Short descriptive text snippets:
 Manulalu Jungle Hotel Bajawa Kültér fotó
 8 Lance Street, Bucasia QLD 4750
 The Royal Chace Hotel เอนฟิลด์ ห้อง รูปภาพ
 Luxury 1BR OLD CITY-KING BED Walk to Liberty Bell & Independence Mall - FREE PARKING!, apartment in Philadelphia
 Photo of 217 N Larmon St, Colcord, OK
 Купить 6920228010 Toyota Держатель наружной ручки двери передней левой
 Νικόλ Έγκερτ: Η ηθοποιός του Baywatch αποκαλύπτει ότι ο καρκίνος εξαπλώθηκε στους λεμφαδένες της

> **Exercise aim**
Return every line from the one holding "Купить 6920228010 Toyota" through the end of the data, exactly as it appears, with both ends kept and nothing else.

> **Response to this exercise**
 Купить 6920228010 Toyota Держатель наружной ручки двери передней левой
 Νικόλ Έγκερτ: Η ηθοποιός του Baywatch αποκαλύπτει ότι ο καρκίνος εξαπλώθηκε στους λεμφαδένες της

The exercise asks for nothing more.